そんな松浦を元気付けようと、加護がいつも話し相手になっているという事。
「そうなんだ、あいぼんやさしいね…。」
石川が感動している。
ガタン。
辻が勢い良く立ち上がった。
「それじゃ、ののたちもげんきづけにいくのれす!
おやしきにあんないしてくらさい!」
「「「「おーっ!」」」」
辻と石川は、四人の少女に案内されて屋敷の前に来ていた。
門がしっかりと閉ざされている。
辻が大きな声で呼びかける。
「つじのぞみれーす!ちゃっきり、ちゃっきり、ちゃっきりなー!」
(((((なんじゃそりゃ…。)))))
全員、訳が分からない。
屋敷からは何の返事も無かった。
すると辻はぴょ〜んと塀を乗り越える。
「おじゃましまーす。」
「「「「「………。」」」」」
石川と四人は口がアングリ。
辻の暴走は誰にも止められない。
「…それでな、その三人っちゅうたらピンクのヅラかぶって、
見せパンしよんねんでー。ホンマ、アホかっちゅうねん。」
「アハハハ。…でもさー、あたしもそういうの一回やってみたいなー。
ねえ、あいぼん。一緒にやろーよ。」
加護はギクッとする。
「ウ、ウチはええわ。あややみたいに細かったらええけど、
ウチやったらお肉がはみ出てまうわ…。」
と、そこへ辻と石川、四人が姿を現す。
加護が石川を指差す。
「そーそー、そーいや、あーゆー感じの黒いのもおったわ、
…って、なんでお前らここにおんねん!」
「???」
石川は何がなんだか分からない。
辻は不思議な疎外感を味わっていた。
(ううっ、なんかはいりづらいのれす…。
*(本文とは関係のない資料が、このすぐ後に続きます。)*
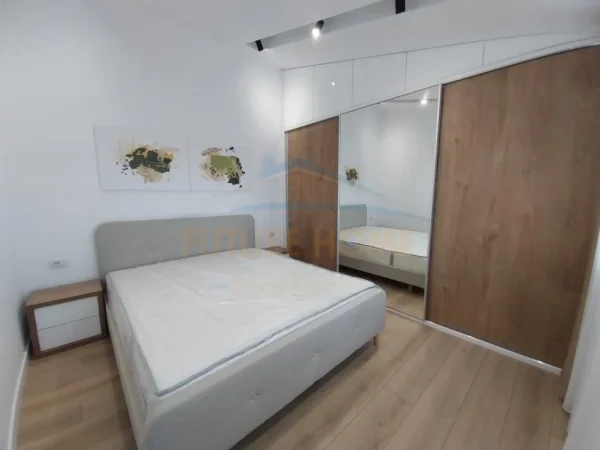 Tirane, shitet apartament 1+1+Ballkon Kati 7, 53 m² 89.000 € (Don Bosko)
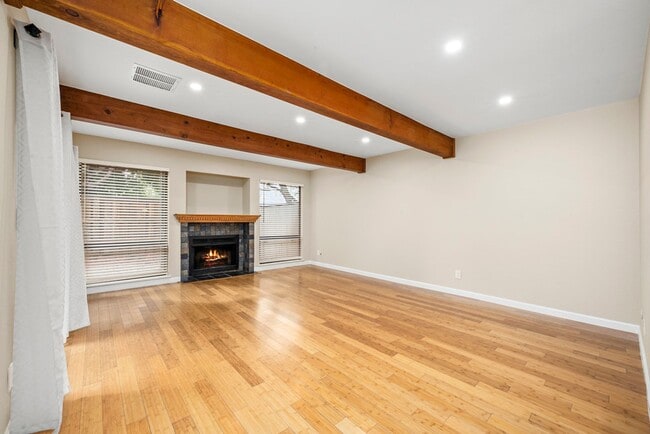 Building Photo - Beautiful 3-bedroom, 3-bathroom townhome  ...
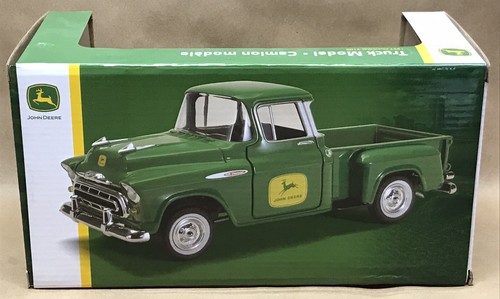 SPECAST LP70017 1957 JOHN DEERE CHEVY 3100 STEPSIDE PICKUP 1:25 SCALE DIECAST - Picture 3 of 7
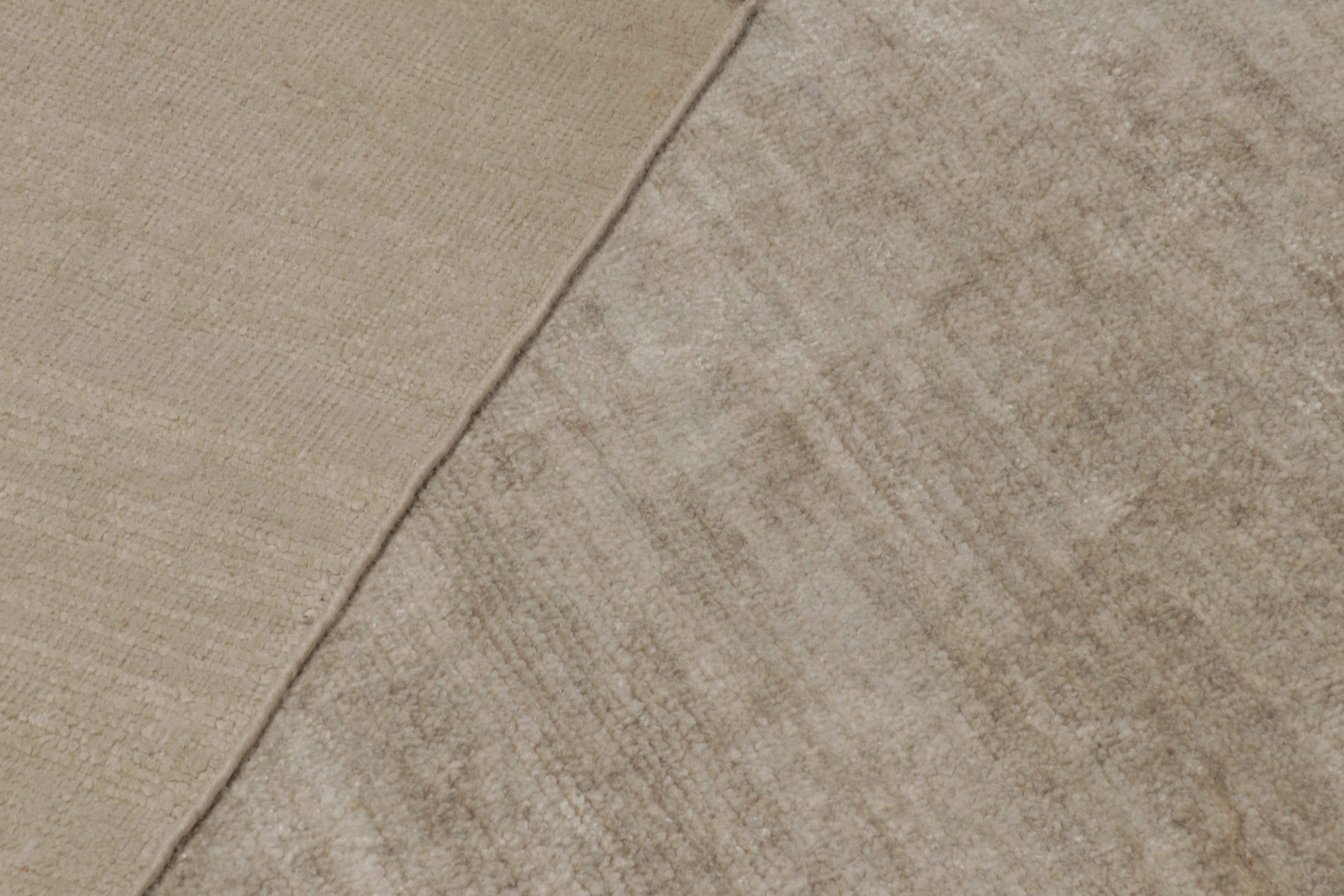 Rug & Kilims übergroßer, moderner Strukturteppich in Beige-Braun mit Streifen und Schlieren (Baumwolle) im Angebot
)
その時だった。
「そこで何してるっ!」
(しもたっ、見つかったっ!)
中庭に姿を現したのは執事のアヤカだった。
加護が木から飛び降りる。
「…アナタ、加護さんだったわね。こんなところで何してるの?」
「あ、あのな、ウチはこの屋敷に、
黄色いハチがBOON BOON BOONって入ってくのを見て…。」